The first “event” of the day was - as always - the opening keynote. Today presented by Red Hat and Syntasso.

Sometimes lipstick is exactly what a pig needs

Watch talk on YouTube

By VMware (of all people) - kinda funny that they chose this title with the whole Broadcom fun. The main topic of this talk is: What interface do we choose for what capability.

Personas

  • Experts: Kubernetes, DB engineer
  • Users: Employees that just want to do stuff
  • Platform engineers: Connect Users to Services by Experts

Goal

  • Create Interfaces: Connect Users to Services
  • Problem: Many types of Interfaces (SaaS, GUI, CLI) with different capabilities

Dimensions

These are the dimensions of interface design proposed in the talk

  • Autonomy: external dependency (low) <-> self-service (high)
    • low: Ticket system -> But sometimes good for getting an expert
    • high: Portal -> Nice, but sometimes we just need a human contact
  • Contextual distance: stay in the same tool (low) <-> switch tools (high)
    • low: IDE plugin -> High potential friction if stuff goes wrong/complex (context switch needed)
    • high: Wiki or ticketing system
  • Capability skill: anyone can do it (low) <-> Made for experts (high)
    • low: transparent sidecar (e.g. vulnerability scanner)
    • high: CLI
  • Interface skill: anyone can do it (low) <-> needs specialized interface skills (high)
    • low: Documentation in web aka wiki-style
    • high: Code templates (a sample helm values.yaml or raw terraform provider)

Recap

  • You can use multiple interfaces for one capability
  • APIs (proverbial pig) are the most important interface b/c it can provide the baseline for all other interfaces
  • The beautification (lipstick) of the API through other interfaces makes users happy

Beyond Platform Thinking at Ritchie Brothers - Build Things No One Expects, in a Place No One Expect

Watch talk on YouTube

The story of how Thoughtworks buit YY at Ritchie Bros (RB).

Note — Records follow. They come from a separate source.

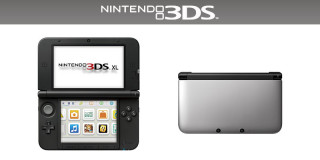 Nintendo 3DS XL (Black and Silver) + The Legend of Zelda A Link Between Worlds 3DS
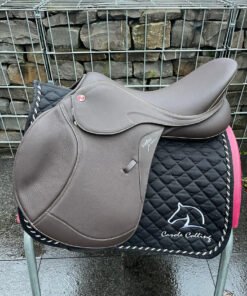 Kieffer Passion Four S 2 – 18 braun Springsattel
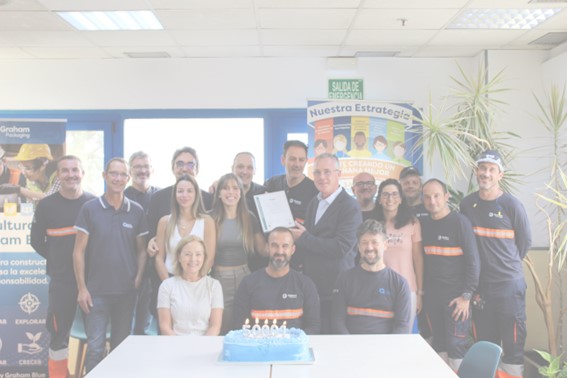 EQA certifica a Graham Packaging Ibérica S.L.U. en ISO 50001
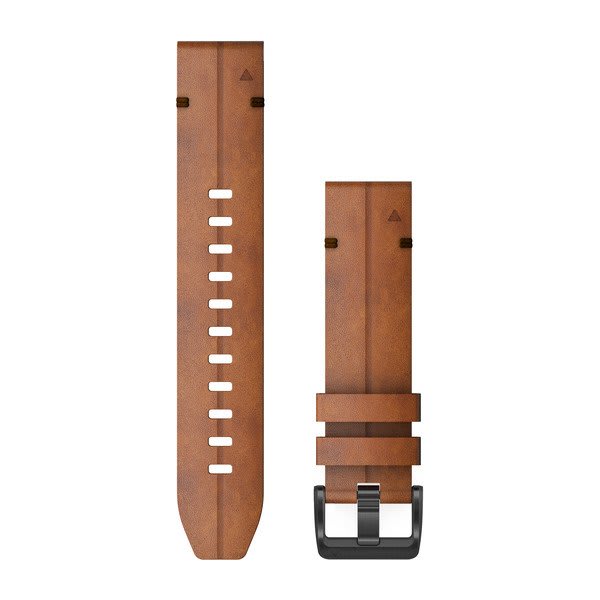 QuickFit 22mm Band Chestnut Leather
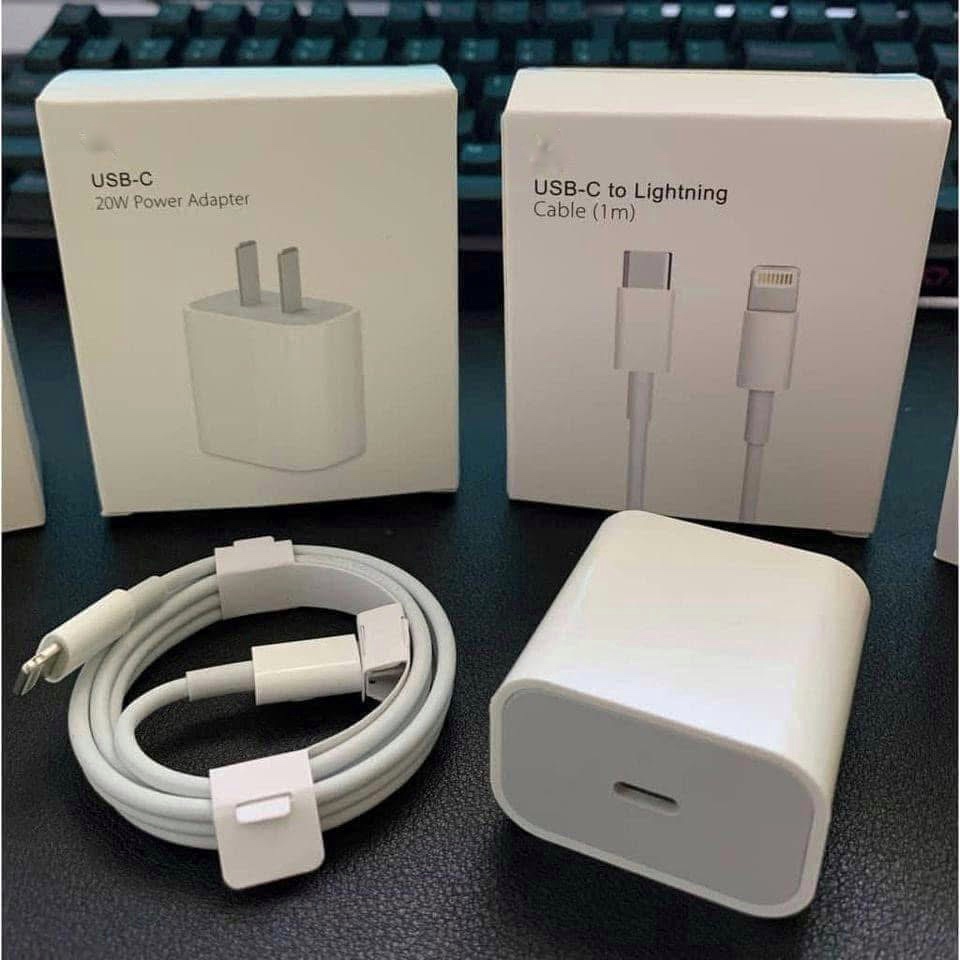 Bộ Sạc Nhanh PD 20W Cho Iphone X/11/12/13/14 USB-C To Li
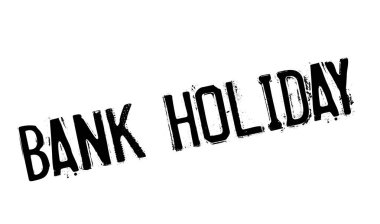 banka tatil damgası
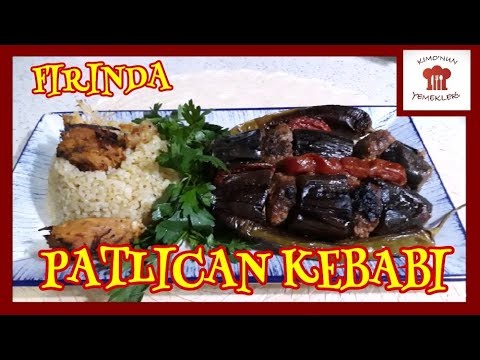 EVDE PATLICAN KEBABI😋😋😋🍆🍆🍆HEMDE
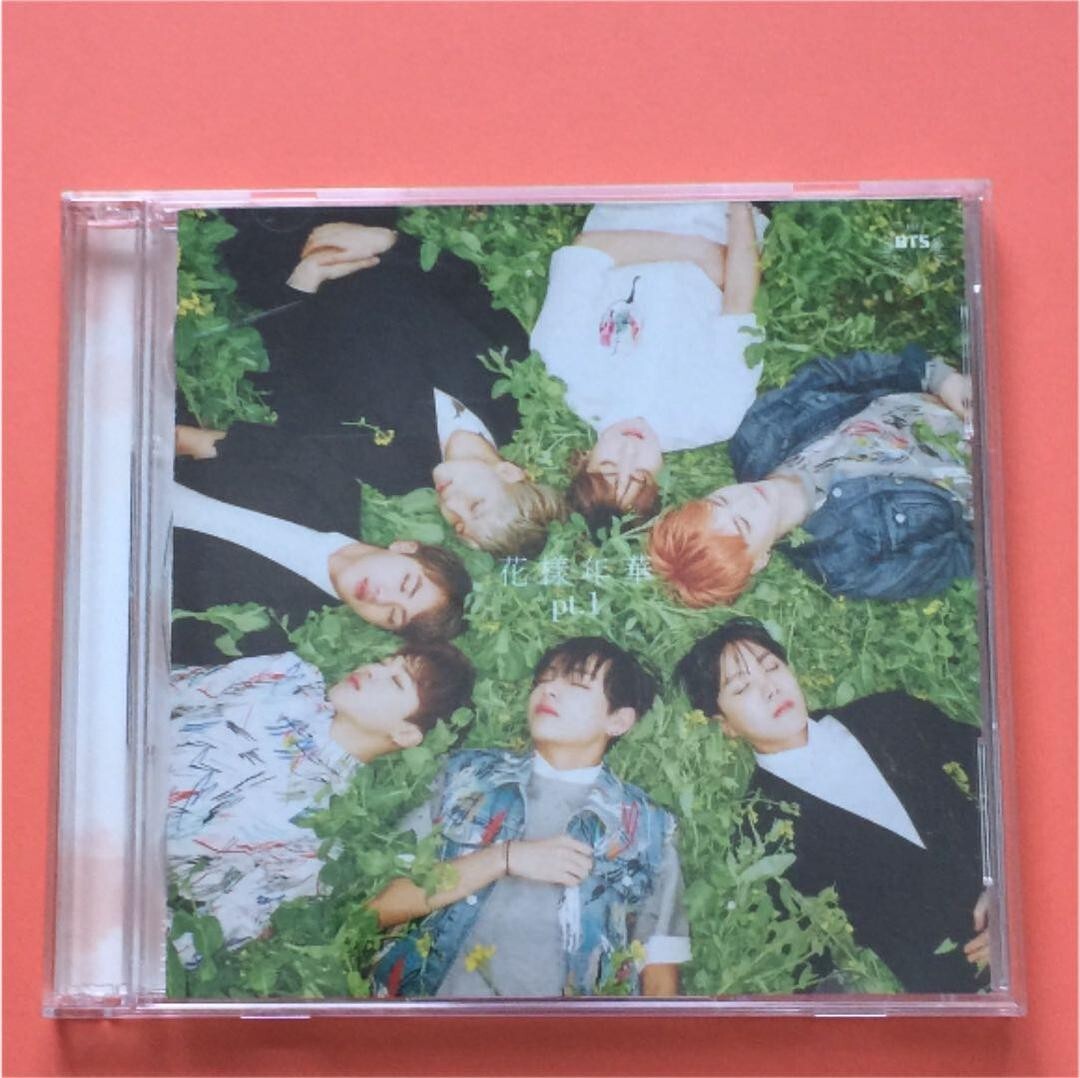 BTS KAYO NENKA Pt.1 First Limited Edition Japan Version Model CD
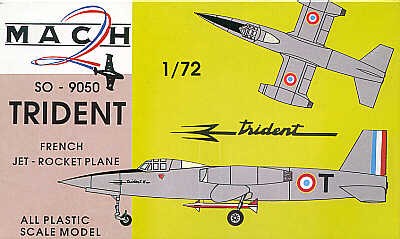 Mach 2 MACH0972 SO-9050 Trident II 1/72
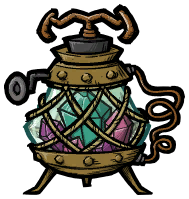 饥荒联机版百科炼金引擎建筑皮肤配图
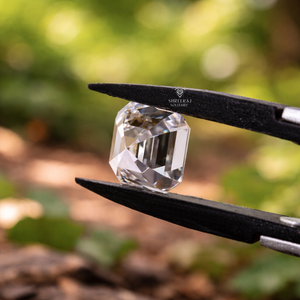 Diamant de laboratoire taille Asscher 5,00 carats, couleur E, clarté VVS2, diamants en vrac certifiés IGI, prêts à être expédiés, vente en gros - Product Image 4
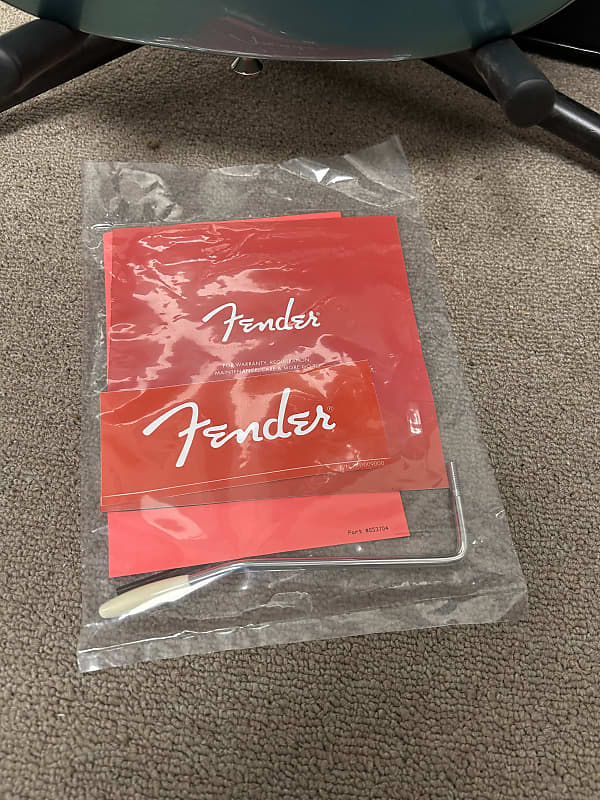 Fender American Professional Classic Stratocaster - Faded Sherwood Green Metallic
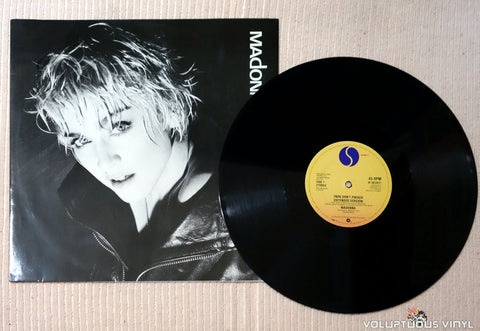 Madonna ‎– Papa Don't Preach - Vinyl Record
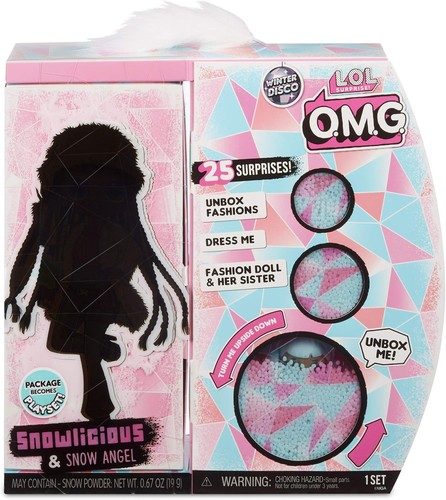 Lol surprise snowlicious - -,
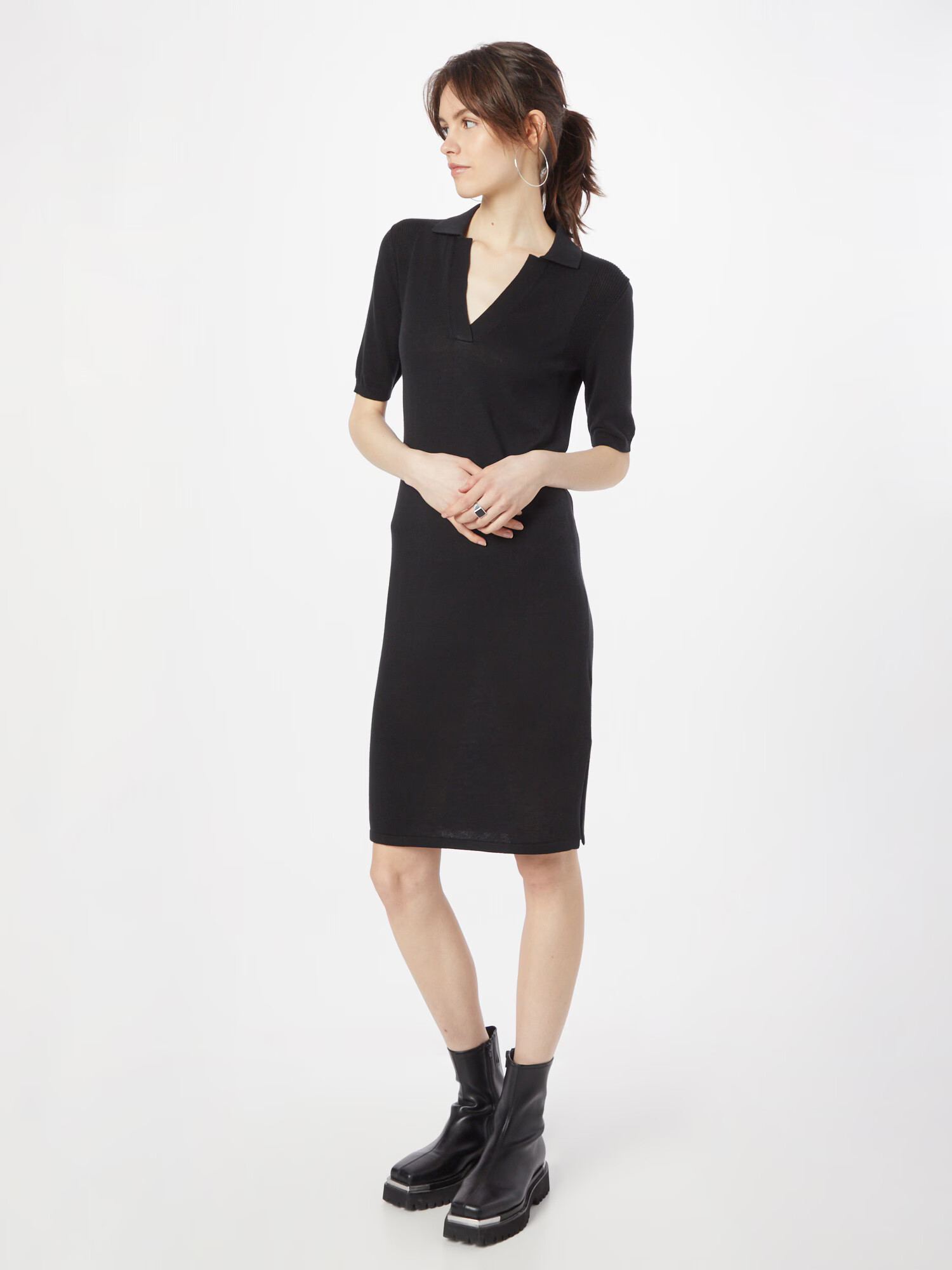 Calvin Klein Rochie negru - Pled.ro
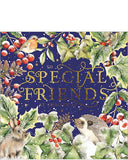 Special Friends Christmas card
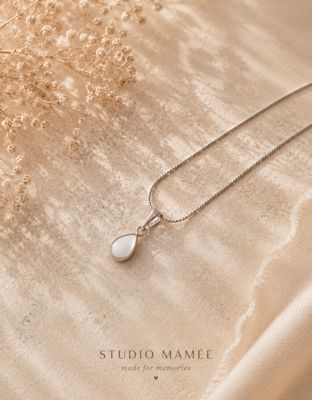 Mamée Memory Necklace – Teardrop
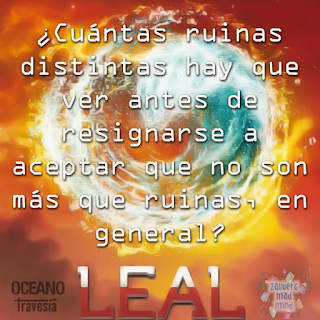 [FRASES LITERARIAS] Leal de Veronica Roth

Presented by the implementers at Thoughtworks (TW).

Backgroud

  • RB is a auctioneer in the field of heavy machinery
  • Problem: They are old(ish) and own a bunch of other companies -> Duplicate Solutions
  • Goals
    • Get rid of duplicates
    • Scale without the need of more personel

Platform creation principles

  • Platform is a product
  • Building is a exercise in software eng. not operations
  • Reduce dev friction

Platform overview

  • Platform provides selfservices
  • Teams manage everything inside their namespace themselfes
  • Multiple global locations that can be opted-in and -out

Principles and Solutions

Compliance at source of change

Developers own their pipelines

  • Dev teams are responsible for scanning, etc
  • Platform verifies thath the compliance scans have been done (through admission control)
  • Examples:
    • OPA + Gatekeeper for admission -> Teams use snyk for scanning and admission checks the scan results
    • ira as admission hook for approval -> PO approves in Jira, admission only acceps if webhook is approved

Platform Operators

  • Implemented: S3 Operator, IAM Operator, DynamoDB Operatopr
  • Reasons:
    • Devs should not need access to AWS/GCP directly
    • Teams have full control while not needing to submit tickets or write terraform
  • Goals
    • Abstract specific details away
    • Make the results cloud-portable (AWS, GCP, Azure)
    • Still retain developer transparency
  • Example: DynamoDB Database
    1. User: creates dynamo CR and ServiceRole CR
    2. K8S: Create Pods, Secrets, Configs and Serviceaccount (related to a IAM Role)
    3. User: Creates S3 Bucket CR and assignes ServiceRole
    4. K8s: Injects secrets and configs where needed

Observability

  • Tool: Honeycomb
  • Metrics: OpenTelemetry
    • Operator reconcile steps are exposed as traces

Q&A

  • Your teams are pretty autonomous -> What to do with more classic teams: Over a multi-year journey every team settles on the ownership and self-service approach
  • How teams get access to stages: They just get themselves a stage namespace, attach to ingress and have fun (admission handles the rest)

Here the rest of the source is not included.